§ Exercise requirements
Please output, exactly and without pictures, the lines from the opening of the listing below through the line containing "Кроссовки New Balance,лыжные ботинки Fischer", both included.

§ Dataset content
- Opening Delimiter -

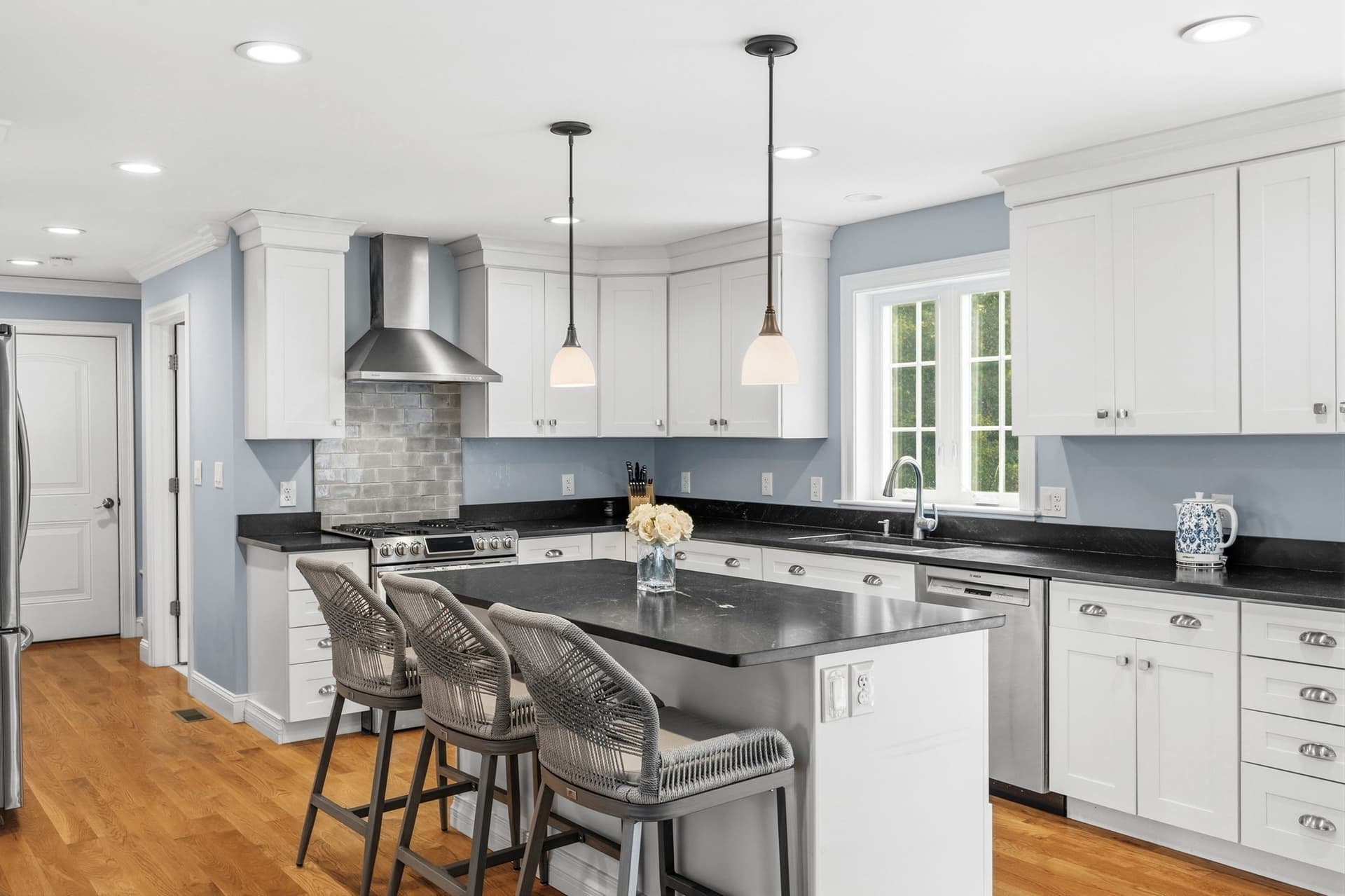 Single Family Residence at 10 Wood Hollow, Hanover MA 02339, photo 6 of 34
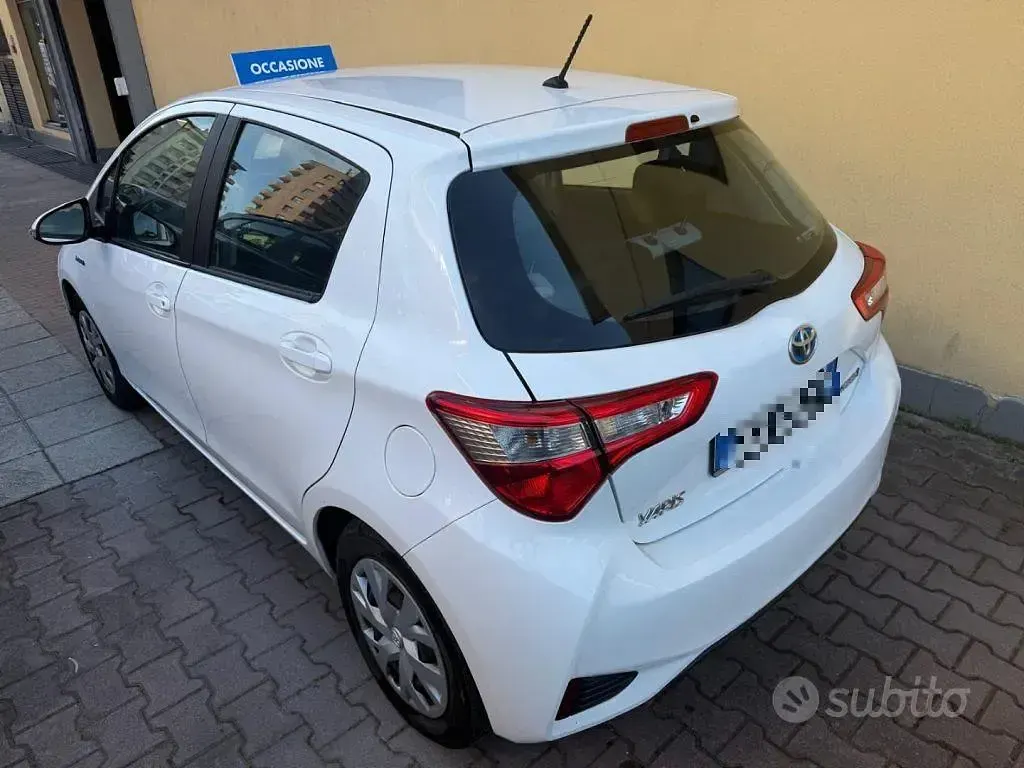 Gebraucht Toyota Yaris Hybrid Business Edition 73 PS (53 kW) 2018 Weiß Limousine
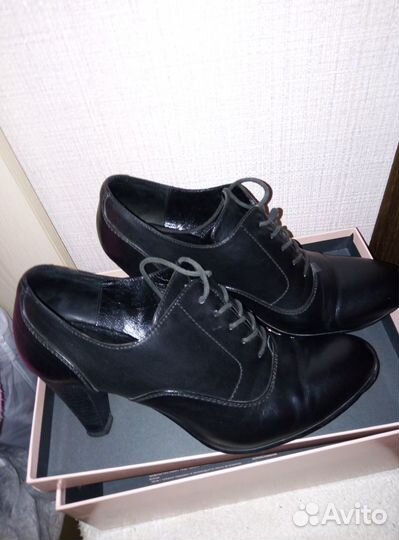 Кроссовки New Balance,лыжные ботинки Fischer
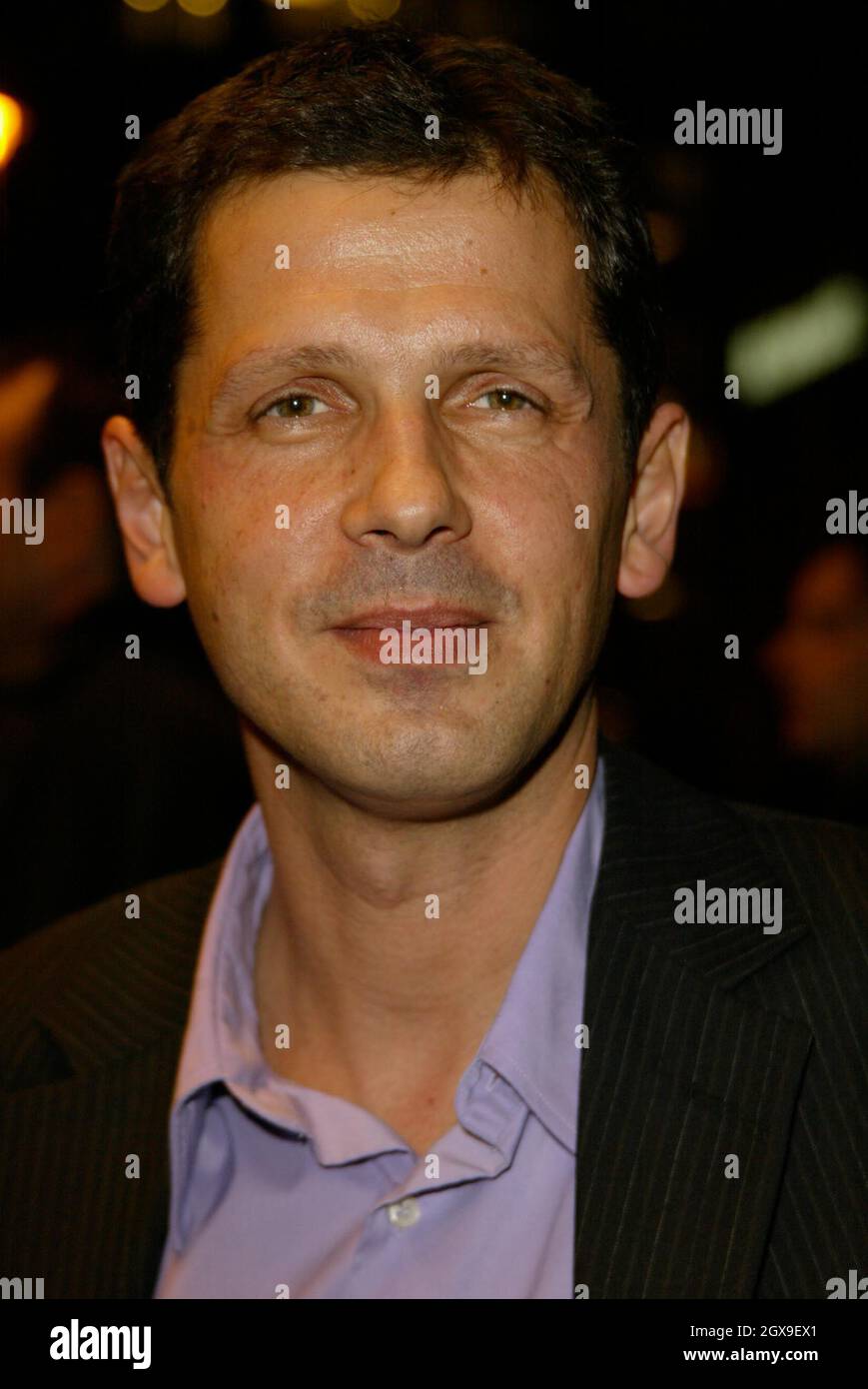 Direttore Peter Webber al Times Gala Screening del film Girl with A Peal Earring. Il film si basa su un libro di Tracey Chevalier che ha scritto una storia sulla pittura più amata di Vermeer. Foto Stock Direttore Peter Webber al Times Gala Screening del film Girl with A Peal Earring. Il film si basa su un libro di Tracey Chevalier che ha scritto una storia sulla pittura più amata di Vermeer. Foto Stock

- Closing Delimiter -

§ Answer section
 Single Family Residence at 10 Wood Hollow, Hanover MA 02339, photo 6 of 34
 Gebraucht Toyota Yaris Hybrid Business Edition 73 PS (53 kW) 2018 Weiß Limousine
 Кроссовки New Balance,лыжные ботинки Fischer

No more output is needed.